I chatted with Coefficient Capital’s founding partners Andrew Goletka and Franklin Isacson to learn more about the firm’s first fund, their investment strategy, and what they’re advising companies facing challenges because of the COVID-19 Pandemic.

Coefficient Capital Fund I

The fund was formally closed at the beginning of March, at $170 million (the target was $150 million).

“The genesis of the fund is really the coming together of two distinct worlds that Franklin and I realized are very complementary,” Goletka said.

Goletka comes from a tech/media background. With Ore Ventures, he made investments in companies like The Athletic, and saw the shift of publishers using content to sell a product. Isacson’s background was more that of a traditional consumer packaged goods (CPG) investor. As a CPG investor, Isacson saw that many CPG funds were slow in changing, while tech funds were moving more quickly.

He noted that he himself was a bit caught off guard when his portfolio companies were asking what they should do with social media platforms like TikTok and Snapchat. He turned to Goletka for advice, and the two realized there should be an omni-channel fund.

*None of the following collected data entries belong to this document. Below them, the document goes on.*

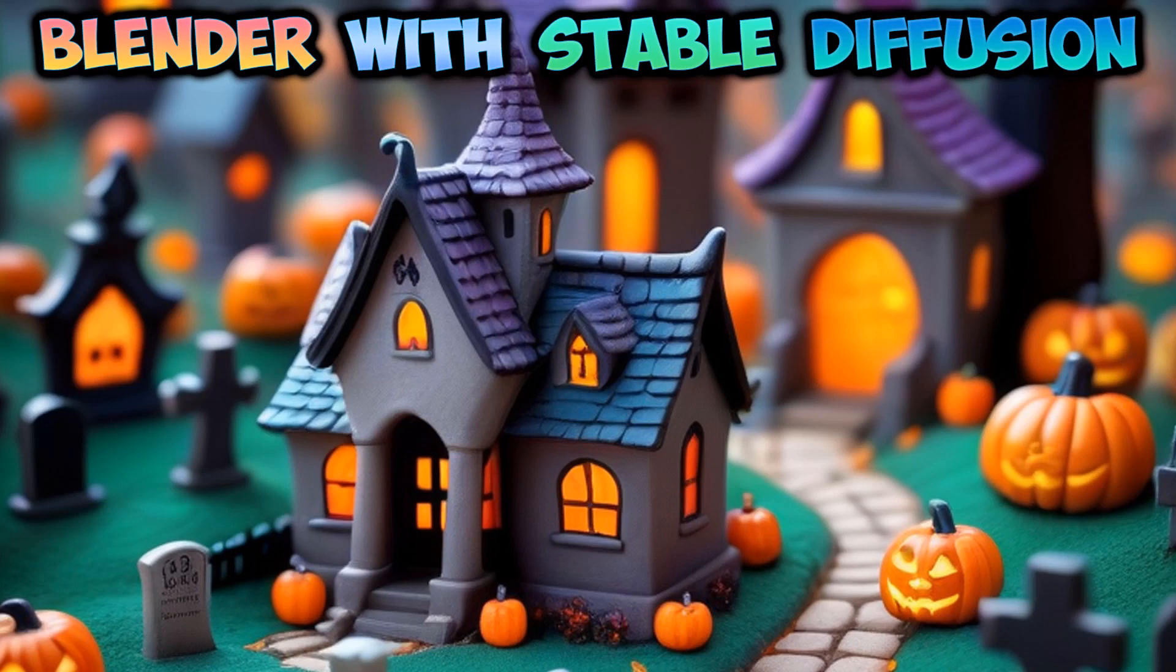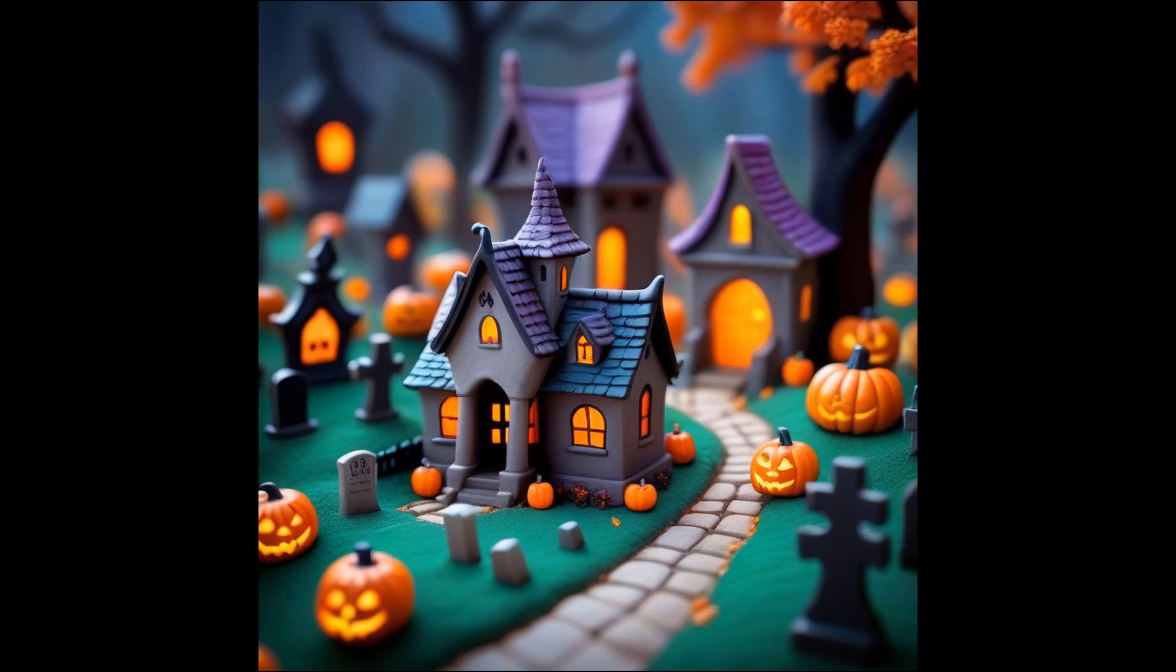In this tutorial, I'll show you how to create this image by using Blender and Stable Diffusion XL.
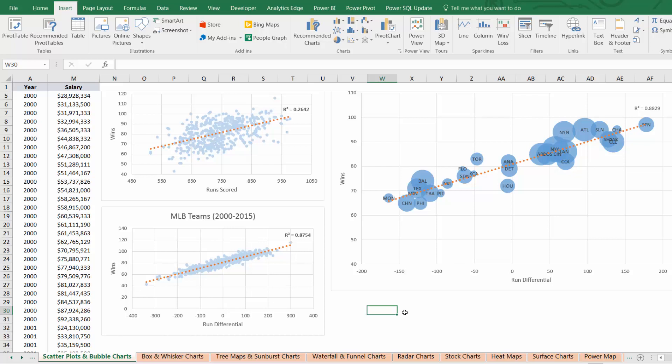Picking the right chart can bring your data to life and reveal trends and insights that you never would have otherwise noticed. But the only way to know which charts to use is to become familiar with Excel's full set of templates and tools.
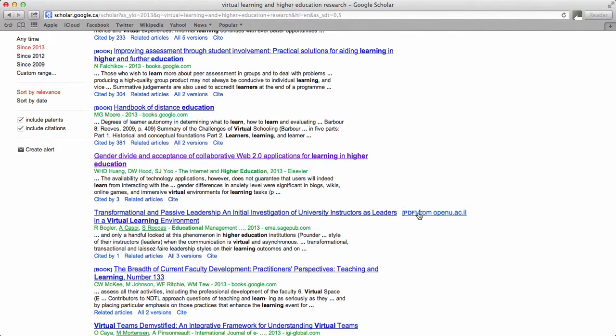In many cases, the options will be available in PDF, and in some cases they are not.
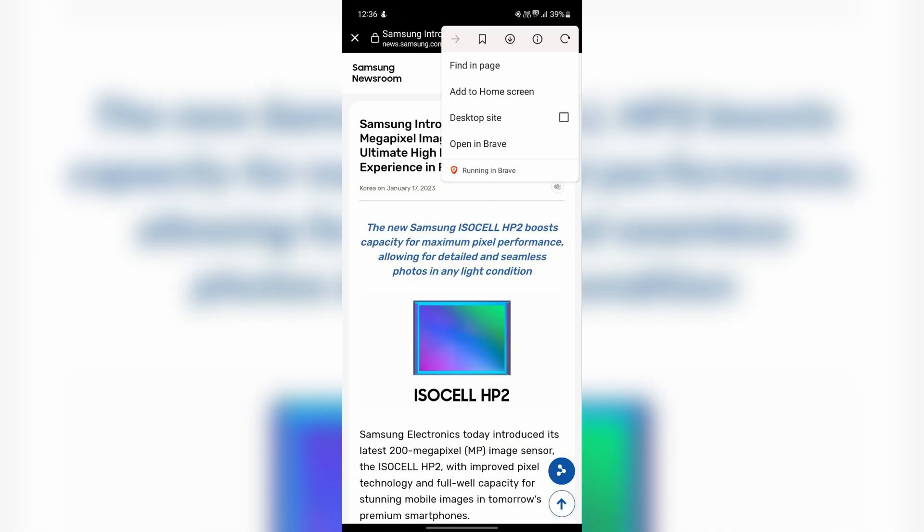Another thing about it is that you can also choose which browser it uses. It can either use just the default WebView view, or it can also use whatever default browser you have on your device. You can see exactly what it is running by tapping on its three dots in the top right, and it will say what browser is currently powering it.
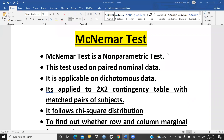Hi everyone. Today we are going to start the McNemar test. McNemar test is basically a non-parametric test. We had already done so many non-parametric tests, and definitely this test is also very, very important. McNemar test is a non-parametric test when we have paired nominal data.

Coefficient Capital focuses on investing in Series A and Series B stage companies, with a team that comes from both tech and consumer backgrounds.

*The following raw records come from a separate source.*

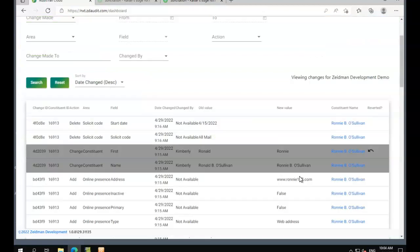Just to recap what we can track, we're tracking changes across all of the fields you'd need to rebuild a record from scratch if it was accidentally deleted without having to do a rollback of data. We've got biographical fields, contact fields, gifts, actions, constituent codes, and solicit codes to allow you to bring all of that information back in should you need to.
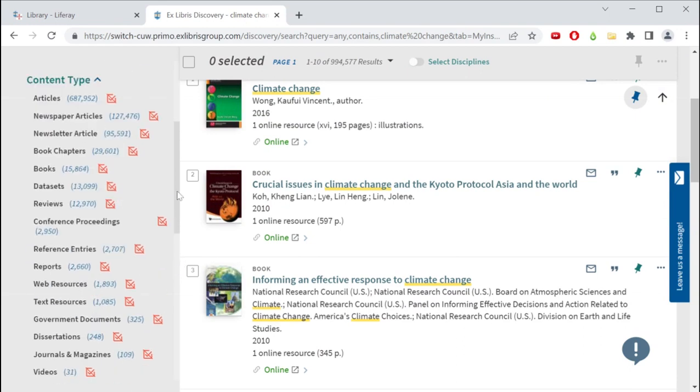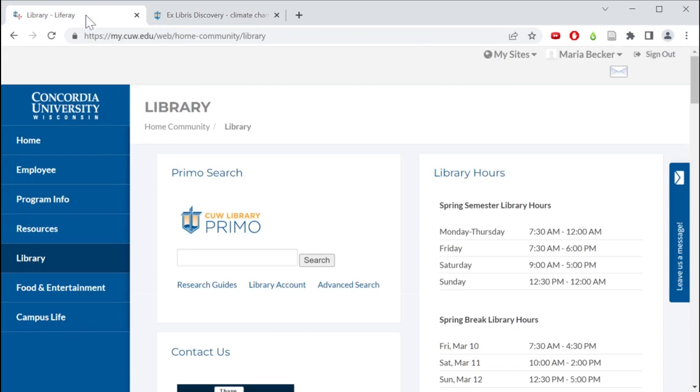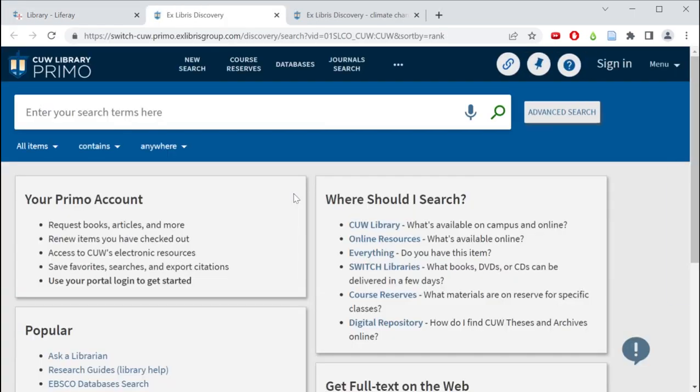Primo is often a good starting place when you're just beginning a research project. One of the easiest ways to access Primo is through the Library tab of the CUW portal. The Primo logo is on the top left-hand part of the screen, and clicking on the logo will take you to the Primo homepage.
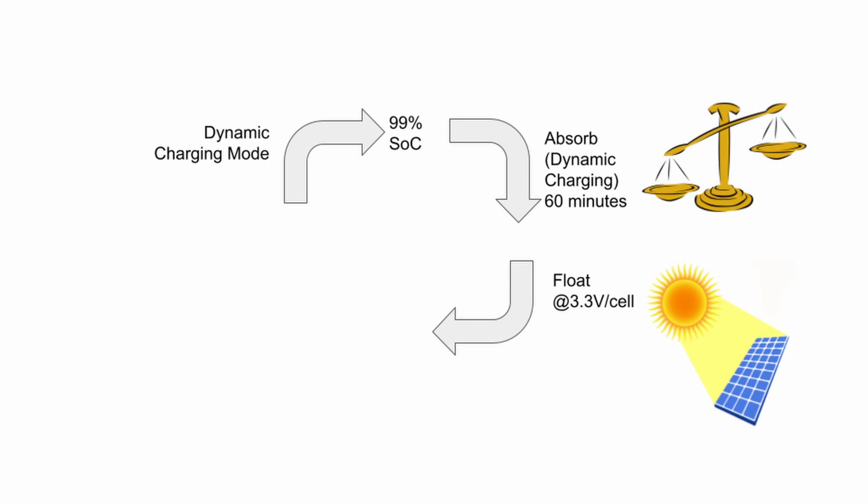Finally, once both absorption and float modes are elapsed, the charger would be told to stop, supplying zero voltage and zero current. You can of course disable either the absorb or float stages entirely by just reducing the time down to one minute. The charger would then be told to stop on a fully charged battery.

It focuses on companies that make products that could be sold in grocery stores or shops like Sephora (think food, beverage, vitamin supplements, personal or skin care, etc). Those kinds of products are where the firm spends “80 to 90 percent” of its time, Isacson said. The firm led the January 2020 Series B round for Just Spices, for example, a spice-mix and meal prep company.

“We look for companies that support longer-term trends,” Isacson said. “We have our convictions about consumers becoming more omni-channel. … we definitely look for those bigger trends that are irreversible.”

The firm looks to invest in companies with strong unit economics–if they’re not profitable, they need to have a very clear path to profitability in the near-term, Isacson said. Coefficient Capital wants to invest in companies that could be good standalone businesses with great profitability, or a business that other companies would want to acquire.

Some emerging trends: Consumers want to buy products that are better for them and better for the environment, and a great emphasis on efficacy.

With the COVID-19 pandemic, the firm’s portfolio companies have been weathering things “fairly well,” Goletka said, as people aren’t leaving their homes–a win for direct-to-consumer companies.

But for other startups, especially those looking to raise money, Goletka advises turning to investors a founder already knows, rather than trying to form new relationships over Zoom.

“Build off those relationships you already have,” he said. “ If you are trying to close a round, close it sooner rather than later.”

Isacson said investors are going to be focused on how leadership has taken care of employees, how demand has been impacted, what companies have done to make sure their supply chain is secure, and what the unit economics of a company are (and if they can pivot to profitability sooner).